◆ **Assignment**: Omit all pictures, then repeat the listing exactly.

** Dataset extract follows **

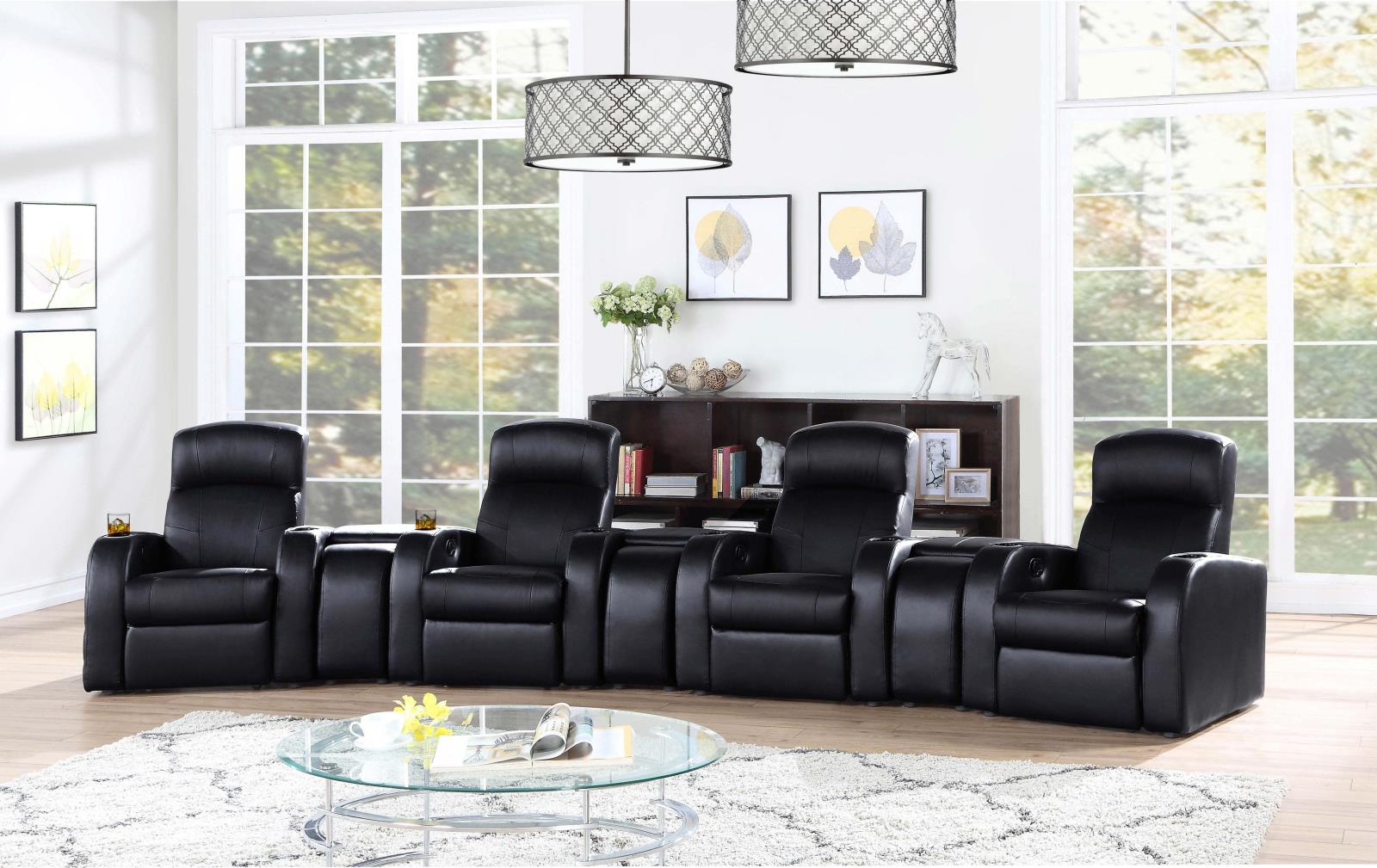 Cyrus Home Theater Upholstered Recliner Black - 600001 - Bien Home Furniture & Electronics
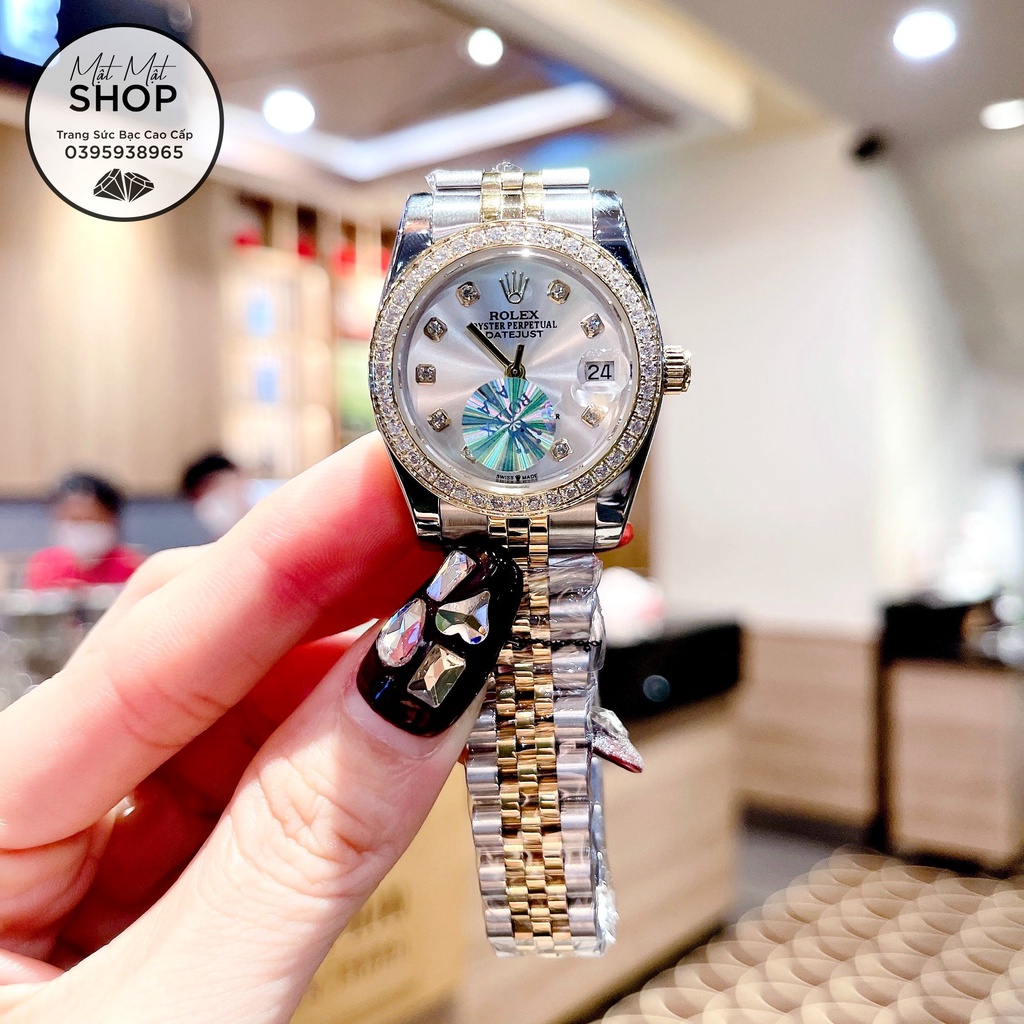 Đồng hồ nữ Dòng Rolex tem 7 màu nay về demi mặt trắng trơn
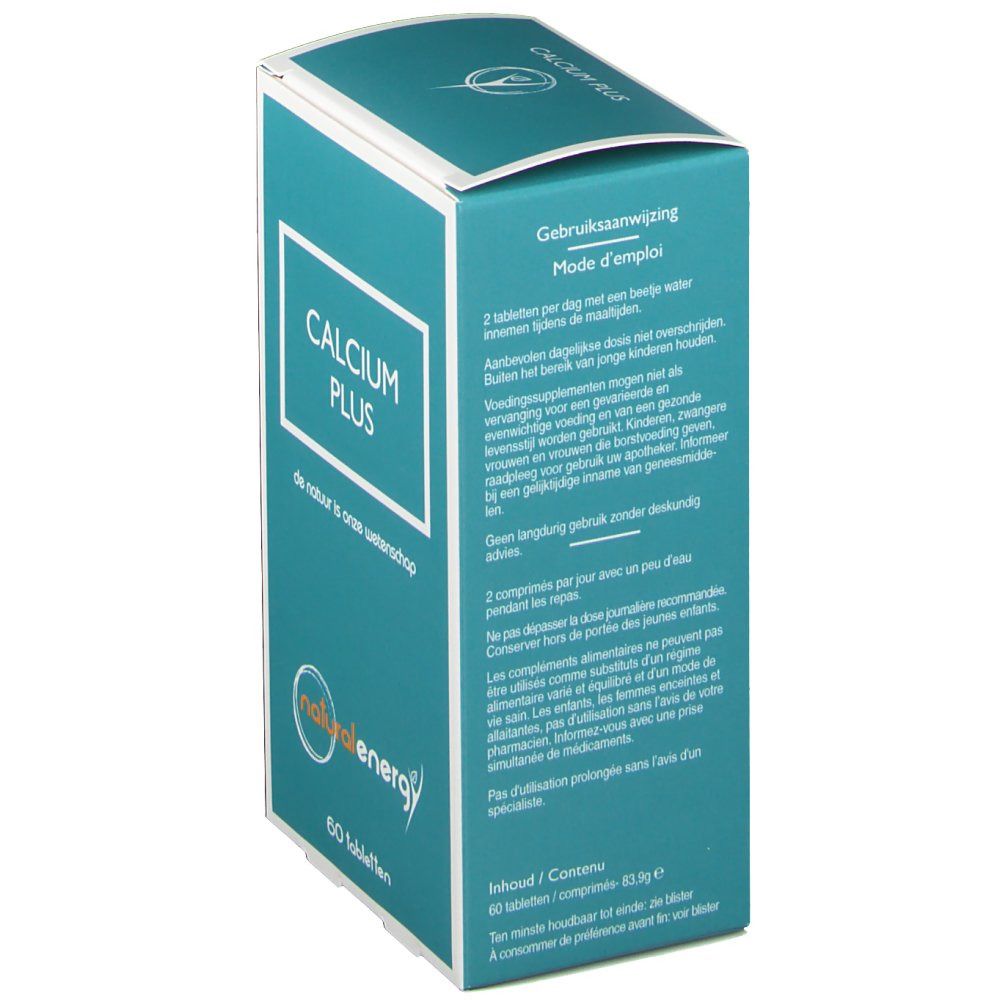 Côté de la boîte avec mode d'emploi. Texte: "CALCIUM PLUS". Logo "natural energy". Texte en néerlandais et français.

** End of Dataset extract **

◆ **Answer to the exercise**:
 Cyrus Home Theater Upholstered Recliner Black - 600001 - Bien Home Furniture & Electronics
 Đồng hồ nữ Dòng Rolex tem 7 màu nay về demi mặt trắng trơn
 Côté de la boîte avec mode d'emploi. Texte: "CALCIUM PLUS". Logo "natural energy". Texte en néerlandais et français.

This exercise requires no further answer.